Quem diz que ar-condicionado é supérfluo, é porque não tem e deve ter uma tremenda dor de cotovelo de quem o tem, isto sim. Um dos equipamentos mais úteis em termos de custo benefício do automóvel é justamente o ar-condicionado, pelo conforto que proporciona aos ocupantes. Nosso clima tropical, o trânsito infernal e a insegurança de nossas ruas são bem melhor administrados com os vidros fechados e o ar ligado, não é mesmo? Aí vêm os urubus de plantão para falar mal, dizer que gasta mais combustível, que rouba potência do motor e outras bobagens do gênero.

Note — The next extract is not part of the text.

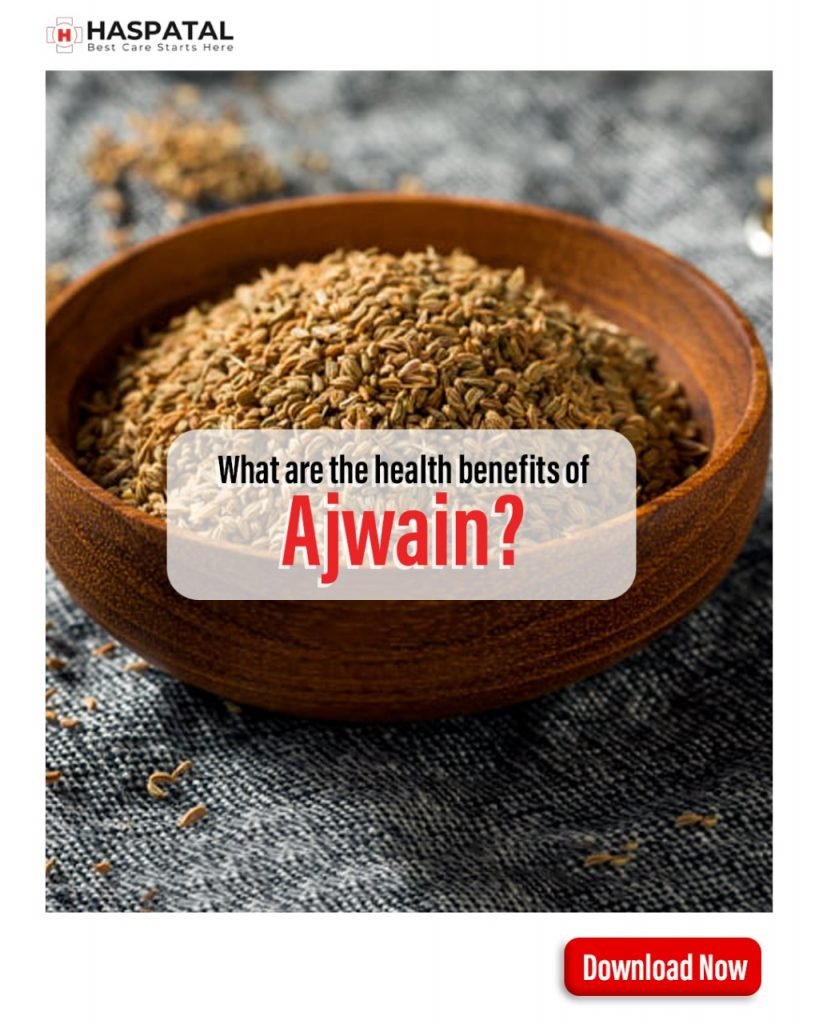 What are the health benefits of Ajwain? Haspatal App.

É claro que todo equipamento ligado ao motor irá tirar potência dele, mas os engenheiros das fábricas não são bobos e sabem calcular bem o equipamento. O ar-condicionado de um Corsa 1.0, por exemplo, “puxa” de 2 a 3 CV do motor para acionar o compressor. Isto, de seus 70 CV do motor, representa de 3 a 4% da potência, o que pode fazer uma pequena diferença em uma aceleração ou ultrapassagem. Alguns modelos de fábrica dispõem de um sensor de aceleração que desliga automaticamente o compressor em caso de ultrapassagem, para garantir mais potência e segurança. Já um carro com motor 2.0, com cerca de 140 CV, dispõe de um compressor mais sofisticado e eficiente (mais caro, também) e que consome até 5 CV do motor. Fazer uma viagem em dia quente e poder chegar inteiro sem estar suando como uma cerveja gelada é um excelente benefício contra um pequeno aumento no consumo do combustível. Este aumento, em geral, é da ordem de uma unidade para menos, por exemplo: se o carro na estrada fizer 13 km/l sem ar-condicionado, com o ar ligado fará 12 km/l, portanto nada de muito assustador.

Como tudo que é bom precisa de carinho, o ar-condicionado não é diferente. Uma regra básica é sempre usá-lo nem que seja uma vez por semana, por 10 minutos. O motivo é que o sistema é lubrificado pelo óleo adicionado ao gás refrigerante, e este precisa circular para fazer a lubrificação. Caso o sistema não seja ligado regularmente, os retentores, anéis de vedação e mangueiras poderão ressecar. Mas e no inverno? Claro que dá para ligar, basta regular a temperatura para um valor mais alto, usando conjuntamente o ar quente. O importante é fazer o gás circular pelo sistema todo. Recomenda-se uma checagem anual para conferir o estado das vedações, carga de gás e estado geral. Isto é fundamental e deve ser feito em uma oficina de qualidade, pois mão de obra não qualificada trará problemas futuros. E qualquer coisa que quebre no sistema por falta de uma manutenção preventiva e relativamente barata, vai custar bem caro. Não se esquecer de verificar também o filtro de cabine, chamado também de filtro de pólen, a cada 6 meses. Este filtro, se usado em trânsito pesado ou poluído, pode entupir e impedir a passagem de ar fresco e consequentemente prejudicar a eficiência do ar-condicionado. Folhas de árvore, poeira, gravetos e outros objetos também atrapalham a passagem do ar. Se a limpeza ou substituição não for feita, poderão surgir fungos e ácaros devido à sujeira, contribuindo para alergias e problemas respiratórios nos ocupantes. Se os filtros forem trocados, mas a eficiência do sistema ainda não for a esperada, talvez seja por falta de gás no sistema, devido a algum vazamento. Este deverá ser localizado passando uma solução de água com detergente sobre todo o sistema, detectando o vazamento pelas bolhas que aparecerem. Corrigido o problema, será necessário dar uma nova carga de gás, retirando primeiramente todo o gás anterior usando uma bomba de vácuo e carregando o sistema com gás novo até a pressão indicada. Trabalhar com falta de gás faz com que o sistema funcione sem a devida lubrificação e pode ocasionar a quebra do compressor, que dá um prejuízo de pelo menos R$ 1.000,00. Portanto, se perceber que o seu ar condicionado não está tão eficiente quanto costumava ser, procure logo uma boa oficina e proceda a manutenção. Se não fizer logo, a conta poderá ser multiplicada várias vezes, pois aí não dá mais jeito.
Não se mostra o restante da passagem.